Deux pôles principaux de diversité floristique existent, l’un occidental qui comprend péninsule Ibérique, le Maroc et l’Algérie (secteur oranais et kabyle), et l’autre oriental avec la Turquie et la Grèce ou le taux d’endémisme dépasse les 20% en particulier dans les iles et les hautes montagnes.
C’est aussi que la région méditerranéenne est considérée parmi les régions les plus peuplées du monde, ce qui rend ce patrimoine biologique vulnérable et fragile face à un climat changeant (QUEZEL et MEDAIL, 2003).
I.2-La biodiversité en Algérie :
L’Algérie par sa position géographique présente une grande diversité de biotope occupée par une importante richesse floristique. Ce pays s’étend sur une superficie de 2 381 741 km2, longe d’Est en Ouest la Méditerranée sur 1622 km et s’étire du Nord vers le Sud sur près de 2 000 km (MATE, 2009).
La flore algérienne est très diversifiée en taxas, car elle présente les principaux groupes floristiques. Le tableau suivant montre les principaux groupes floristiques en Algérie.
Tableau N°01: Les principaux groupes floristiques en Algérie. (MATE, 2009).

D’après le tableau 1.1, la flore compte d’environ 3139 espèces repartis dans prés de 150 familles parmi lesquelles 653 espèces sont endémiques soit un taux d’endémisme d’environ 12,6%.
La richesse en taxas en Algérie est le reflet d’une richesse écosystémique (zones humides, les massifs montagneux, les écosystèmes steppiques, sahariens et marins), mais aussi climatiques et géographiques.

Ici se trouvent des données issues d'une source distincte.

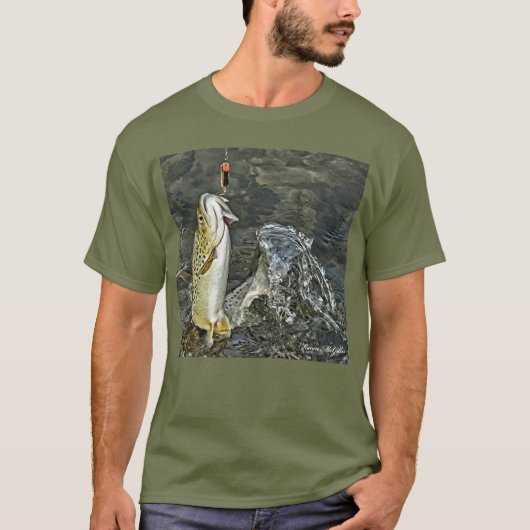 マスの茶色い魚が餌を取る Tシャツ (正面)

Cependant, cette biodiversité est vulnérable suite aux facteurs de dégradation naturels et anthropiques. Plusieurs espèces sont menacées de disparition : le Cyprès du Tassili, le sapin de Numidie, le Pin Noir et le Genévrier Thurifère (UICN, 2008).
Afin de protéger ce patrimoine naturel, une stratégie nationale a été élaborée. Elle porte sur la création des aires protégées et la protection par la loi de certaines espèces menacées ou vulnérables. A l’échelle Nationale, la liste des espèces végétales non cultivées protégées, définit 230 plantes dont la préservation à l’état naturel est d’intérêt national. Cela représente 7,3% de la flore sauvage algérienne et seulement 14,27% du total des espèces considérées comme rares (MATE, 2009).